Career transitions are very often difficult and highly stressful periods in one’s life.
Career transitions are very often difficult and highly stressful periods in one’s life. These periods are fraught with many conflicting feelings, experiences and expectations. Whether the transition has come about through job loss or is purposely embarked on because a professional path was unfulfilling or a wrong fit, finding a new professional landing pad is challenging both emotionally and practically. There are countless approaches and advice on practical steps to finding a job or choosing a career path but far less on helping a client acknowledge, work with and integrate the myriad of emotions that are present during times of transition and which can dictate the direction, relevance, helpfulness and success of career counseling. A hasty decision to leap on a job opportunity out of insecurity or financial anxiety may lead a client back to square one. An inability to capitalize on an opportunity or chance to network with a contact viewed through a lens of past disappointments or disillusionment has equal power to land a client back at the proverbial starting gate. Acknowledging and working with the very real experiences and feelings of disappointment, discouragement and vulnerability, as examples, can in fact positively support and help clients realistically ponder and analyze decisions and appropriate directions. Integrating these real and present experiences with a client’s innate abilities, skills and expertise offers new, expanded and creative perspectives in both self-awareness and as possibilities for pursuing new professional paths.
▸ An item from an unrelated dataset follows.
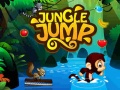 Spel Jungle Jump online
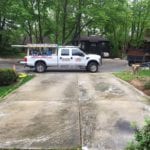 Driveway Cleaning Easton MD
Our sense of self, our experiences of ourselves as a unique and demarcated “I”, are also highly entwined with what we do professionally. We are relational beings, straddling both a unique individualized self and a relational self that is connected and embedded in the outside world. We identify with and often define ourselves by what we do. And what we do professionally – roles, job titles and positions – often has a profound influence in shaping our identity. We invest ourselves, we connect with and relate to the outside world through our professions. We contribute to our professions and in the best instances we are valued and affirmed in the roles we readily take on. We may strive to become experts in our fields, put energy and effort into furthering our professional development, experience a sense of vitality and vibrancy in our successes, take pride in our capacities, flourish within team work and collegiality and our ability to take care of our financial necessities. We live, infuse and experience ourselves in what we do. The personal investment is enormous, the experiences and emotions equally so. A job loss is therefore highly destabilizing, we experience it at the level of identity and our sense of place in the world. We experience these losses as a loss of personal and professional value. Often clients will feel and experience the loss as a negative evaluation of their skills and expertise and this can hamper and derail the energy, enthusiasm or attitudes required to network, interview or basically present oneself to the world. While a client’s unique expertise, skills (both innate and learned) and experiences are in fact intact despite professional transition, this reality is often clouded and narrowed by the emotional impact and stress the transition is having on a client’s daily living.
Even if a career transition is embarked on by choice, the decision to reorient one’s place in the professional world and seek to find a path that is congruent with one’s sense of self and aligns with one’s deepest interests, passions and values, the process is equally vulnerable requiring energy, a re-evaluation of one’s goals, aspirations and often a hard and decisive look at financial and familial realities.
Bringing these experiences and feelings out into the open and into dialogue during career counseling helps clients verbalize these realities and creatively talk through different perspectives, attitudes and possibilities. The growing self-awareness that emerges within this dialogical openness coupled with support and encouragement from the counselor assists clients in discovering (or re-discovering) personal resiliencies, it affirms and/or builds a client’s capacities, and encourages and validates a client’s unique expertise and skills (both innate and learned). Stepping into and then through the reality of disappointment and vulnerability gives us greater awareness of our emotional repertoire and builds experiential muscles that energize the path forward.